• 1 head cauliflower 7-8″ wide
• 1 egg, large
• 1/2 cup Parmesan or Mozzarella cheese, grated/shredded and not packed
• 1 tsp Italian (or rosemary, basil, parsley) herb seasoning
• 1/8 tsp salt
• 1/4 tsp freshly ground black pepper
1. Preheat oven to 375 degrees F and line round pizza baking sheet with parchment paper.
2. Rinse cauliflower, remove the outer leaves and separate into florets with a paring knife. Place cauliflower florets in a food processor and process until you get a rice-like texture. Some coarse chunks are fine.
3. Place on a prepared baking sheet and bake for 15 mins.
4. Remove cooked cauliflower from the oven and transfer to a bowl lined with a double/triple layered cheesecloth.
5. Then squeeze the liquid out of the ball, cauliflower inside the cheesecloth, as hard as you can.

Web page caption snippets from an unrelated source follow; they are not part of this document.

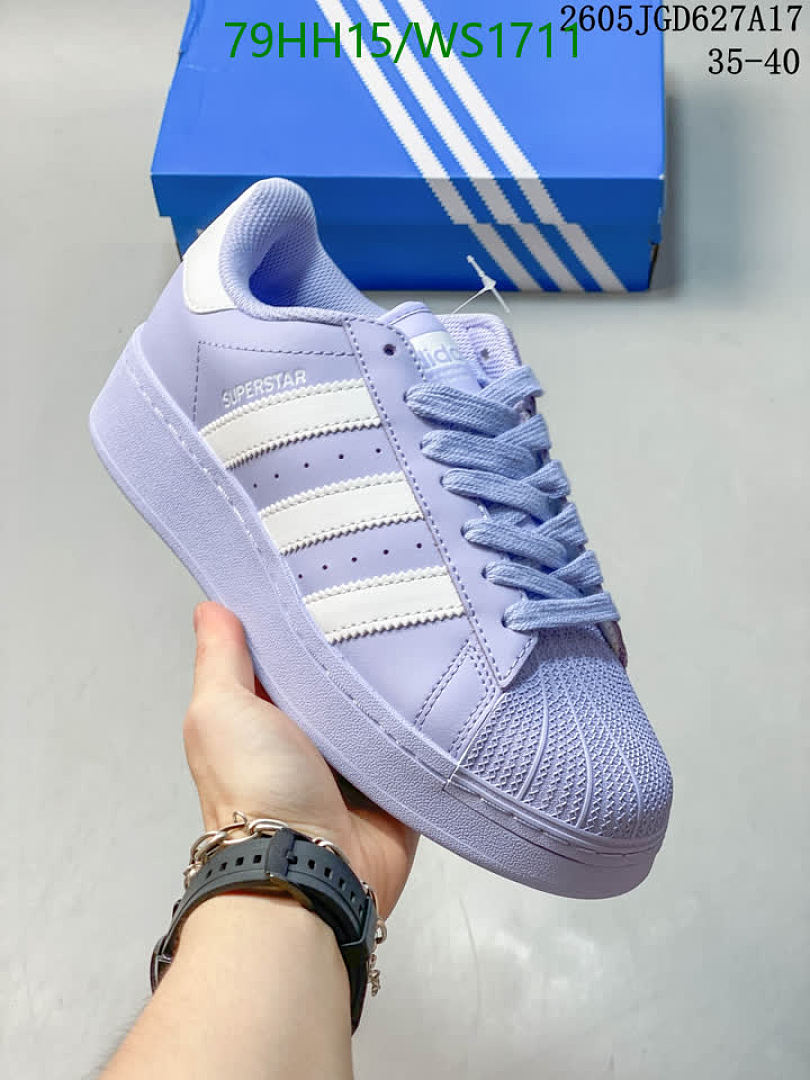 Adidas-Women Shoes Code: WS1711 $: 79USD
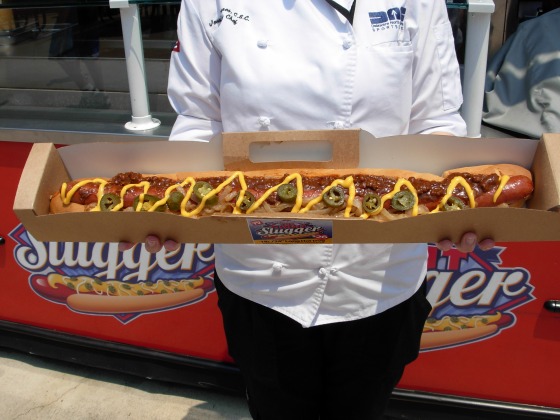 Hot Dogs at Baseball Games: The Ultimate Fan Guide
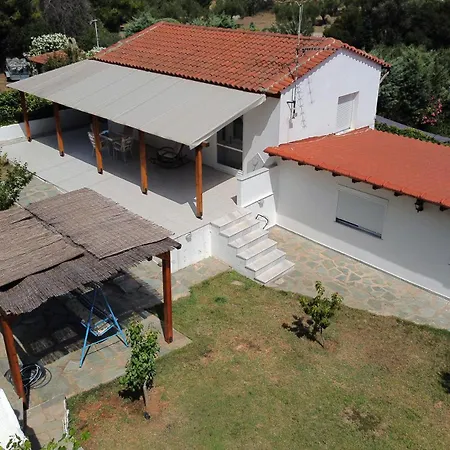 Dimitra House Metamorfosi (Sithonia)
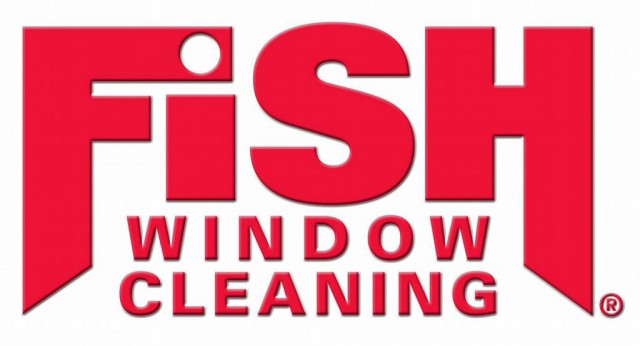 Fish Window Cleaning Services logo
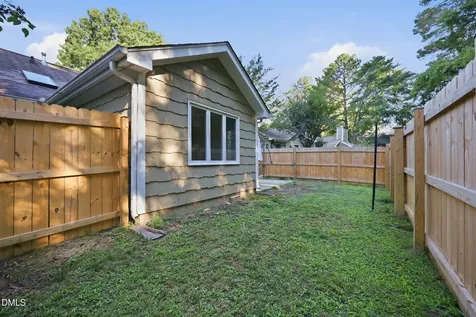 4217 Pin Oak Drive Durham NC 27707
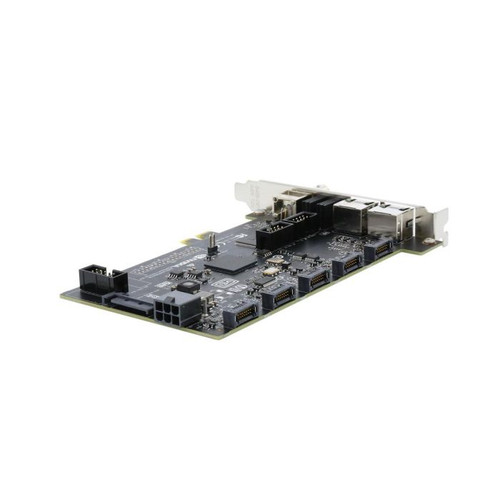 VCQPSYNC2-KIT - PNY Technologies NVIDIA Quadro SYNC II Turnkey Graphics Card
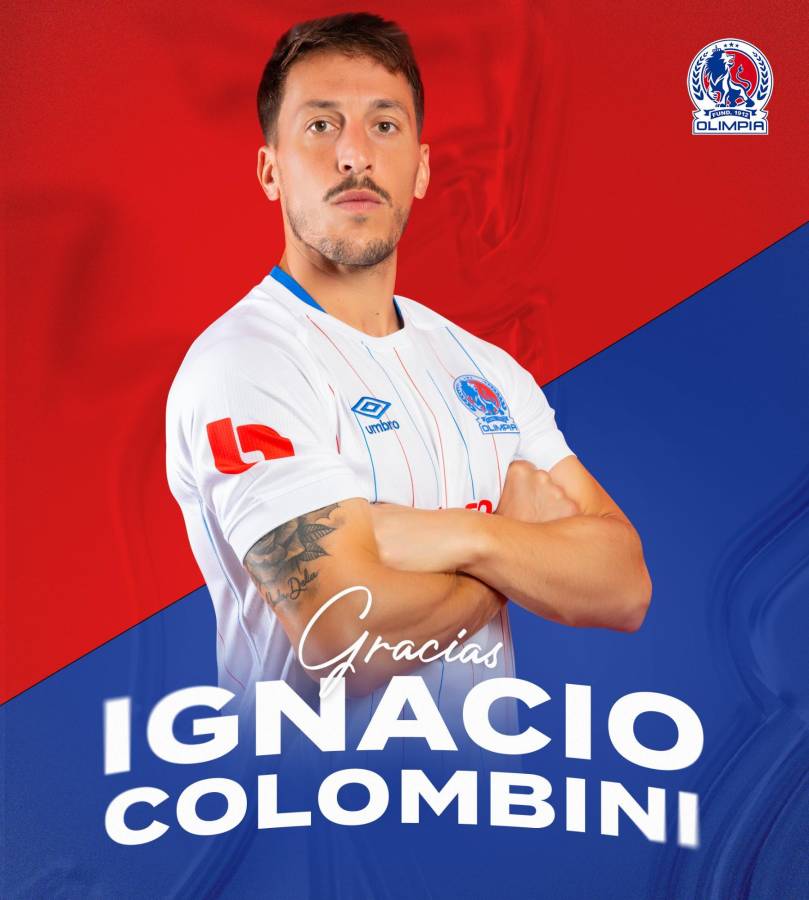 Fichajes: el jugador que regresa a Olimpia, nuevo giro en el futuro de Rubilio Castillo, mexicano al Victoria y Real Sociedad se arma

Be patient and do this a few times until barely any liquid comes out.
6. Increase oven to to 450 degrees F. Transfer cauliflower to a mixing bowl along with egg, cheese, herb seasoning, salt, black pepper and mix to combine. Transfer cauliflower mixture onto the same baking sheet you used to roast the florets. You can use the same parchment paper but you can swap it for a new one if it gets too soggy. Flatten with your hands until thin pizza crust forms.
7. Bake for 15-20 minutes and remove from the oven.
8. Top with your favorite toppings and bake again until cheese on top turns golden brown. Slice and enjoy!